### What you will do
Pictures in the data below are not part of the copy; transcribe everything else exactly.

### Data extracts

=-=-=

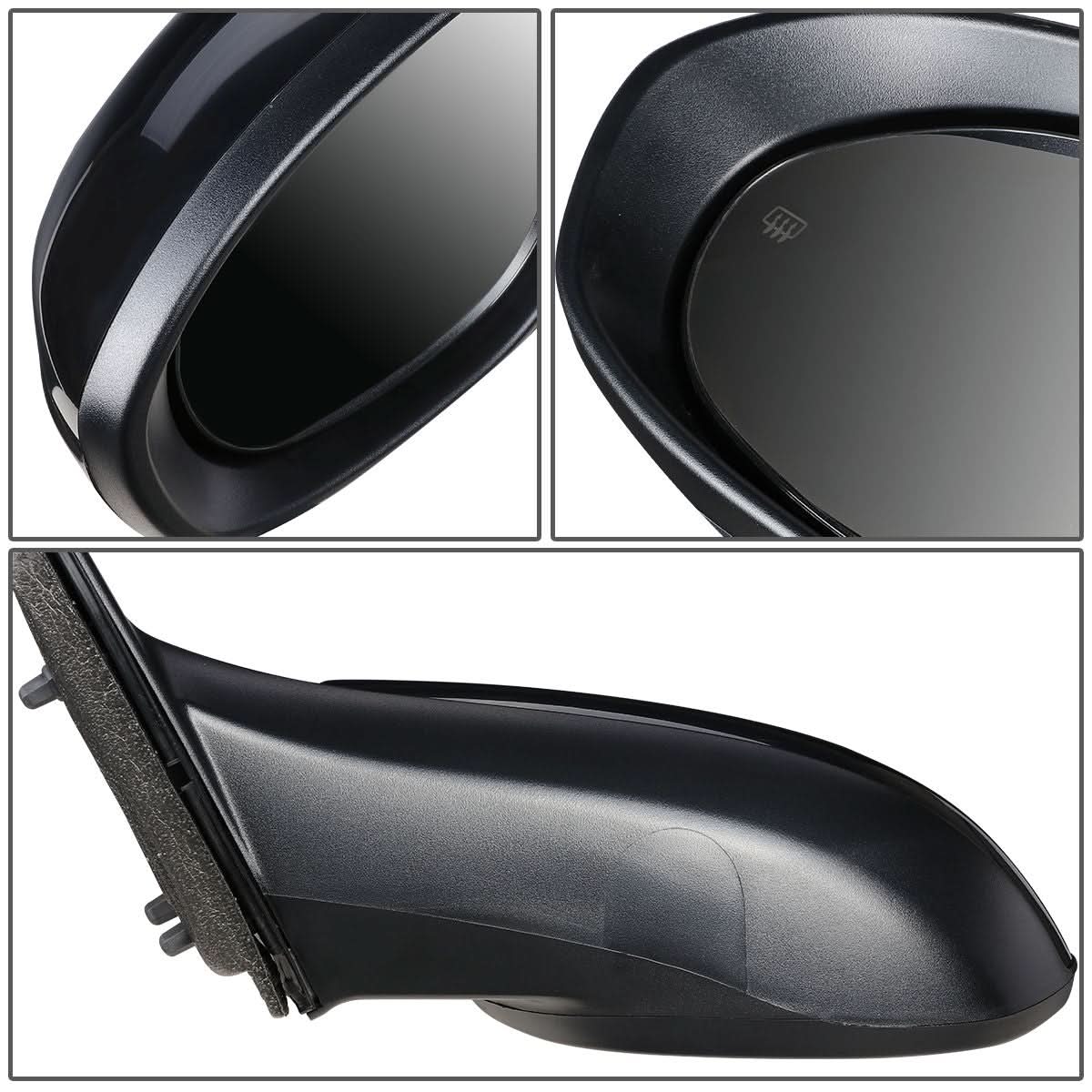 2009-2013 Mazda 6 OEM Powered Heated Paintable Mirror Left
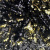 Трикотажное полотно, Сетка с пайетками, шир.130 см, #315, цв.-чёрный/золото - купить в Петрозаводске. Цена 693.39 руб.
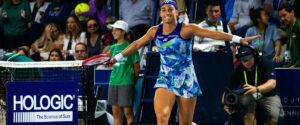 Classement WTA: Garcia n’a pas perdu de temps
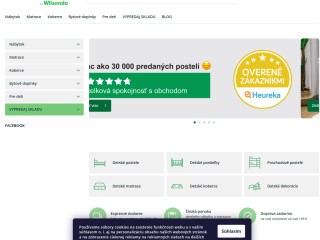 Nábytok a Matrace | Kvalita a Výber | DETSKAPOSTEL.COM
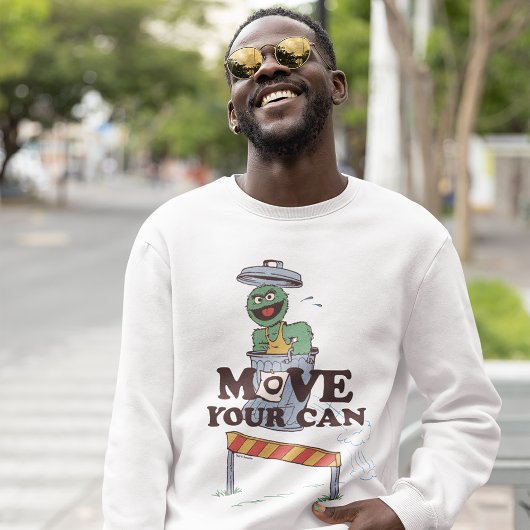 Sesamstraat | Oscar the Grouch Verplaats je blik Trui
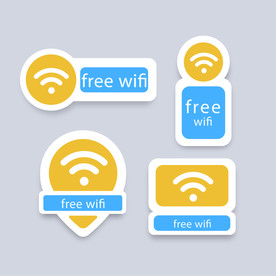 wifi图标 信号标志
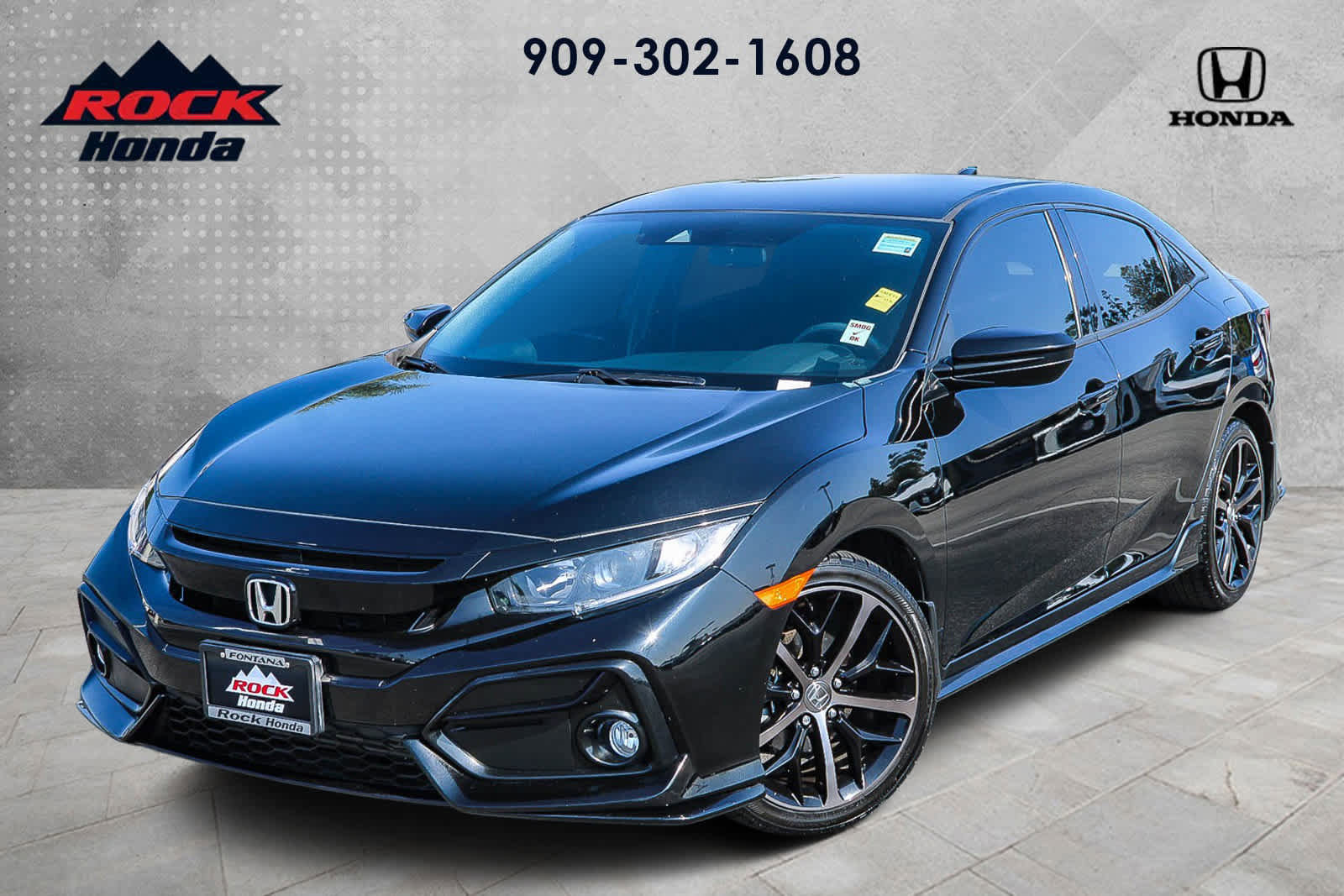 Used 2021 Honda Civic Sport image 1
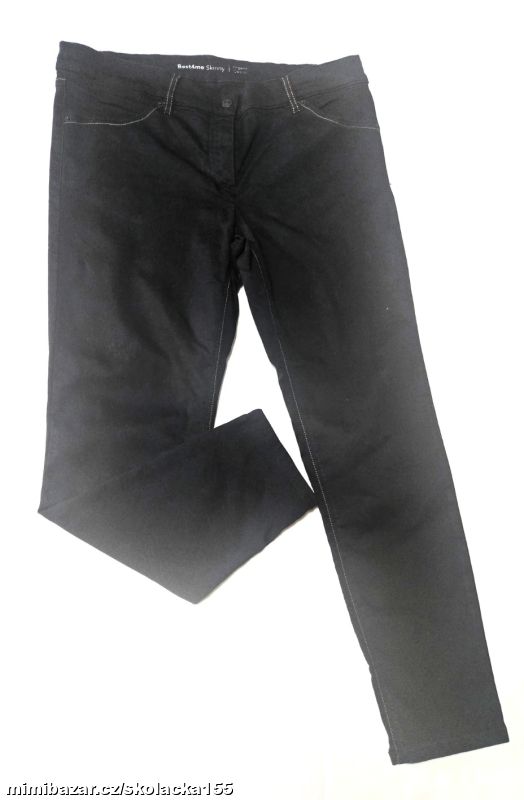 Černé skinny rifle GERRY WEBER, v.44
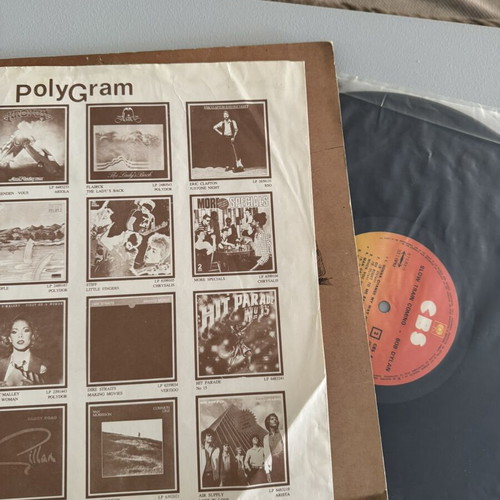 Bob Dylan Slow Train Coming vinyl record used, rock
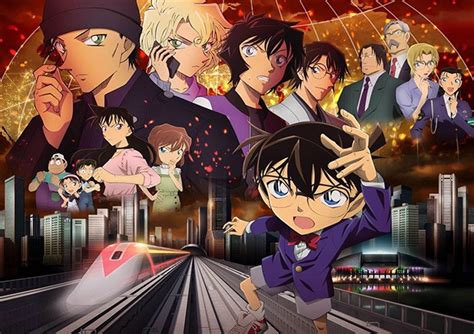 ANIME NEWS: Main visual from new ‘Detective Conan’ movie released | The ...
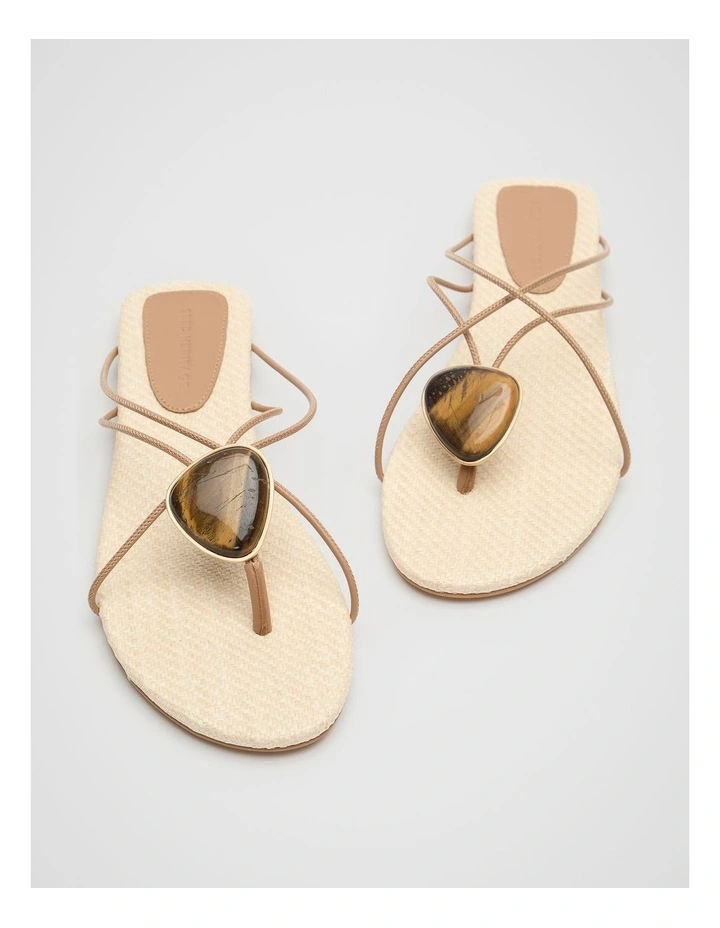 Lily Slide in Caramel image 3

=-=-=

### Reply to the task
 2009-2013 Mazda 6 OEM Powered Heated Paintable Mirror Left
 Трикотажное полотно, Сетка с пайетками, шир.130 см, #315, цв.-чёрный/золото - купить в Петрозаводске. Цена 693.39 руб.
 Classement WTA: Garcia n’a pas perdu de temps
 Nábytok a Matrace | Kvalita a Výber | DETSKAPOSTEL.COM
 Sesamstraat | Oscar the Grouch Verplaats je blik Trui
 wifi图标 信号标志
 Used 2021 Honda Civic Sport image 1
 Černé skinny rifle GERRY WEBER, v.44
 Bob Dylan Slow Train Coming vinyl record used, rock
 ANIME NEWS: Main visual from new ‘Detective Conan’ movie released | The ...
 Lily Slide in Caramel image 3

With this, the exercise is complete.